According to the report, Kenya’s expansive fiscal policy allowed the country to finance infrastructure projects without putting excessive pressure on domestic financial markets while at the same time, keeping public debt within the 50% threshold.

“Kenya’s accommodative monetary policy stance has supported economic activities without triggering inflation or putting pressure on the exchange rate” said John Randa, WBG senior economist for Kenya and lead author of the report.

” Kenya needs to increase the competitiveness of the manufacturing sector so that it can grow, export, and create much-needed jobs ”

This overall positive outlook is not without risks. Tourism has been hobbled because of concerns about security which has hit economic activities hard, especially in the country’s coastal region. Also, sluggish external demand for exports and declining production for export is widening the current account deficit.
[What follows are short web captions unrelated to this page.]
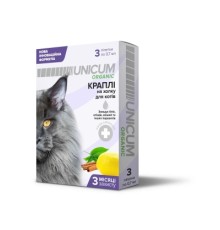 Краплі для тварин Unicum Organic для відлякування бліх та кліщів для котів 3 шт (4820150202095)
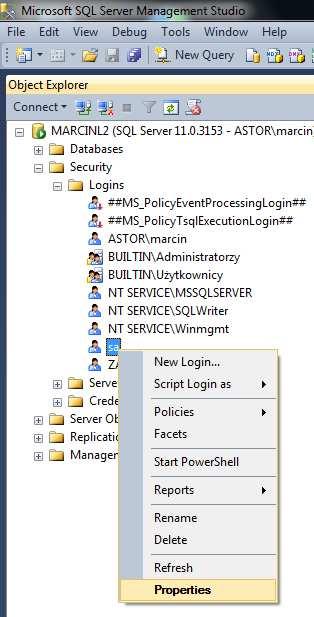Authentication mode. Jeżeli opcja ta nie jest zaznaczona, należy ją zaznaczyć i przyciskiem OK opuścić okno Server Properties.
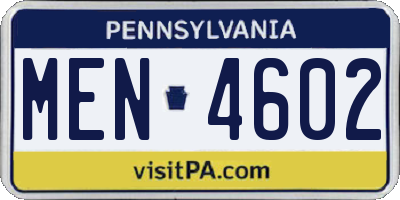PA license plate MEN4602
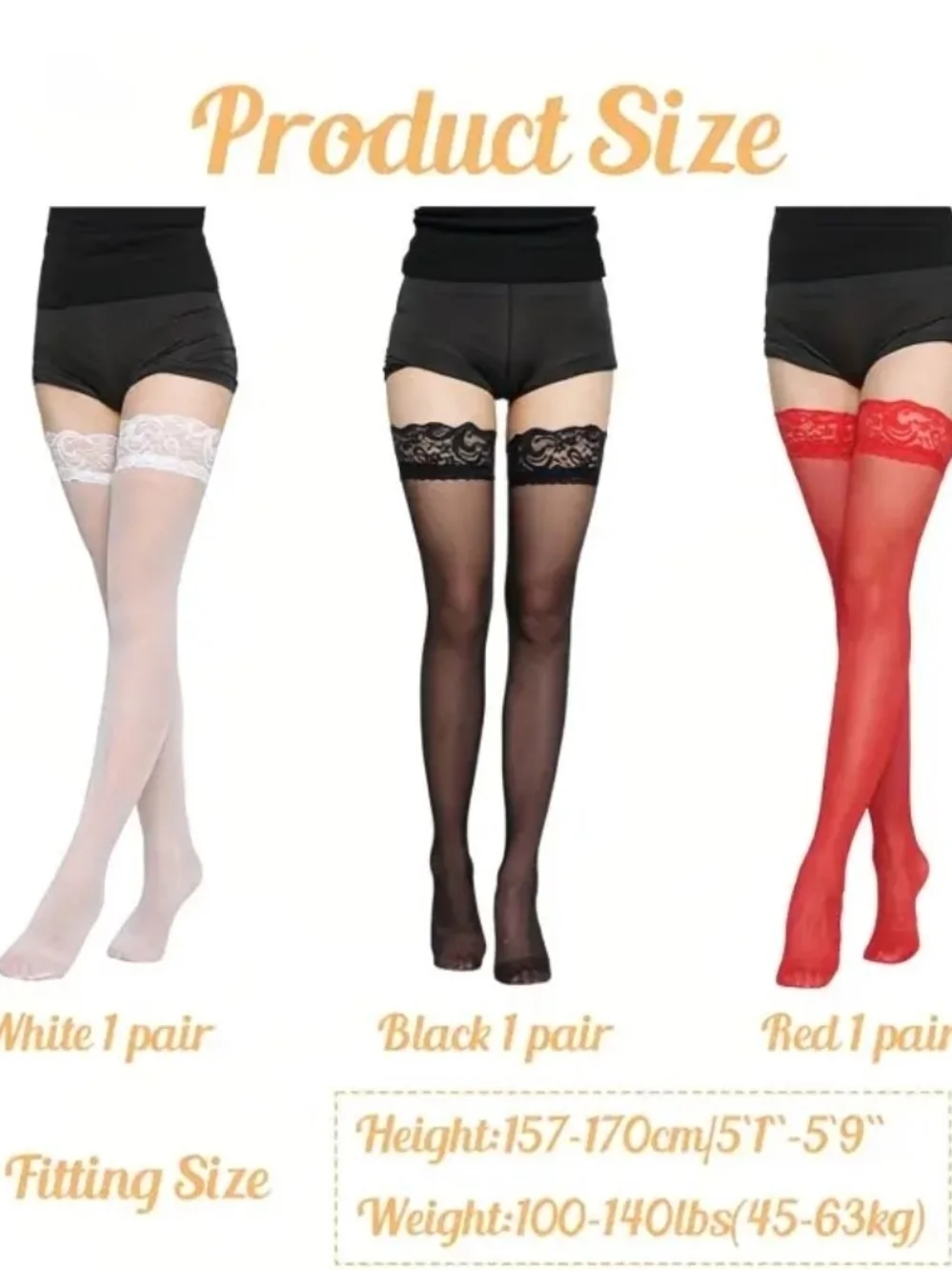 3Pairs Women'S Hold-Up Stockings Black White Red Thigh Highs with Anti-Slip Lace
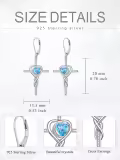 TOUPOP Sterling Silver Tanzanite Infinity Cross Earrings with Heart Crystal-0-2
As a share of gross domestic product (GDP), Kenya’s manufacturing sector has been stagnant in recent years. Low overall productivity and large productivity differences in firms across subsectors point to lack of competition.

“Kenya needs to increase the competitiveness of the manufacturing sector so that it can grow, export, and create much-needed jobs,” said Maria Paulina Mogollon, WBG private sector development specialist and a co-author of the report.

To sustain growth and increase the contribution of the manufacturing sector to growth, the report makes the following recommendations:

  • Boost firm-level productivity to help the sector regain its competitiveness
  • Address the risks associated with fiscal expansion, and rebuild policy buffers in the short to medium term, to address fiscal sustainability
  • Adopt cross-sectoral policies, such as removing market distortions and implementing industry-wide productivity policies, to complement sector-specific approaches
  • Support the manufacturing sector by helping raise firm productivity growth by facilitating the stock and flow of skills, technology, and information among firms
  • Level the playing field between formal and informal firms by reducing and streamlining regulation, and ensuring their even and fair application, and
  • Decrease the cost of doing business by addressing critical issues related to energy, access to finance, and cross-border trade, as well as devolution and counties’ revenue-raising business levies.

The Kenya Economic Update is prepared by the WBG in collaboration with government stakeholders, including the members of the Economic Roundtable such as the Ministry of Devolution and Planning, Ministry of Industrialization and Enterprise Development, Central Bank of Kenya, Kenya School of Monetary Studies, Kenya Vision 20130 Secretariat, Kenya Institute for Public Policy Research and Analysis, Kenya National Bureau of Statistics and the International Monetary Fund.